CEPI, Gavi, and WHO are developing a globally fair allocation system to ensure that the limited early doses of any COVID-19 vaccines are equitably distributed. The Task Force recommends that the United States work with a coalition of political leaders from countries representing the majority of global vaccine-manufacturing capacity to support these organizations and help fund their efforts on distribution and allocation. Building a globally fair allocation system requires commitments from the pharmaceutical industry to make their early doses available for purchase through that global procurement facility and commitments from countries to buy their first doses through the facility. Countries should enter into a COVID-19 trade and investment agreement, which articulates the conditions for sharing vaccine supplies and includes commitments to forgo export bans and expropriation of those supplies against other parties to the agreement.134 This enforceable infrastructure would facilitate country sharing of vaccines and could be developed and expanded for potential use for therapeutics, diagnostics, and other essential medical supplies and in future pandemics.
The COVID-19 pandemic is not over. It continues its deadly march, and the specter of new waves of the disease will haunt us until scientists develop a vaccine. The only thing that is certain is that when this virus is vanquished, another will take its place. This report is intended to ensure that in future waves of the current pandemic and when the next one occurs, the United States and the world are better prepared to avoid at least some of the missteps that have cost humanity so dearly.

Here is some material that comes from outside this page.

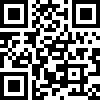 https://khabaronline.ir/x32hv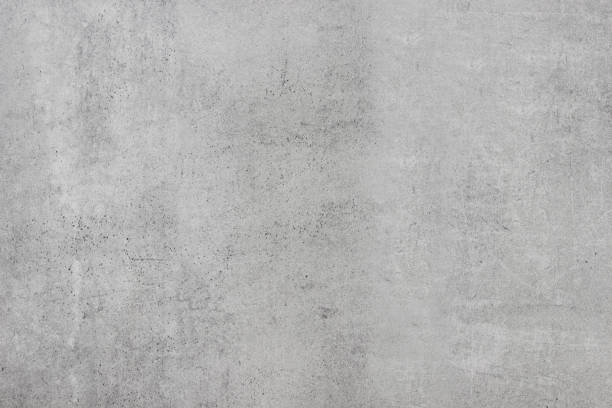 Best Concrete Repair Services  in Apple Valley, MN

Pandemics are inevitable, but the systemic policy failures that have accompanied the spread of this coronavirus were not. As this report documents, the United States, other nations, and international organizations have failed to prepare for the inevitability of pandemic disease, neglecting to invest in the national and multilateral public health institutions and systems required to respond quickly when a novel pathogen strikes. The cost of such complacency can be tallied in the lives lost and livelihoods upended.

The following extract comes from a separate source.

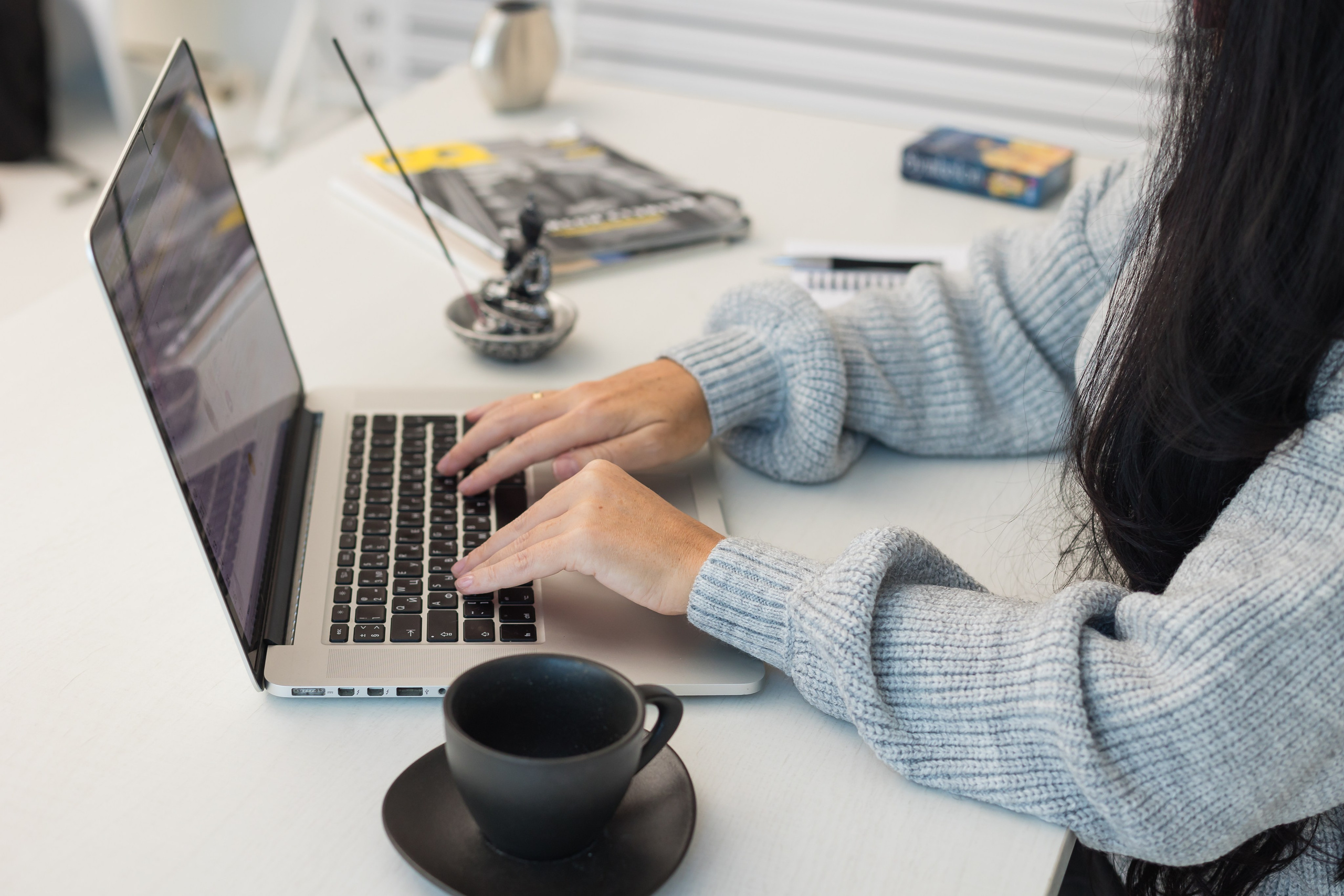 Контент съёмка. Фотограф Кристина Филькова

The recommendations in this report are designed to ensure that such a tragedy of this magnitude never happens again. The Task Force stresses that the national and international dimensions of the pandemic are mutually reinforcing and cannot be considered in isolation. This is true above all when it comes to the role of the United States. If the COVID-19 pandemic has revealed anything, it is that strong and sustained U.S. global leadership remains essential for effective multilateral cooperation. There is simply no substitute. When the United States adopts an insular posture, rather than working to rally the world behind a common objective, there is nobody to pick up the baton. The result is more likely to be a haphazard and disjointed international response, as nations go their own way, regardless of the formal and informal organizational structures that exist.
A world without U.S. leadership, in which the United States eschews any responsibility for what occurs beyond its borders, is a less safe and prosperous place, not least for Americans.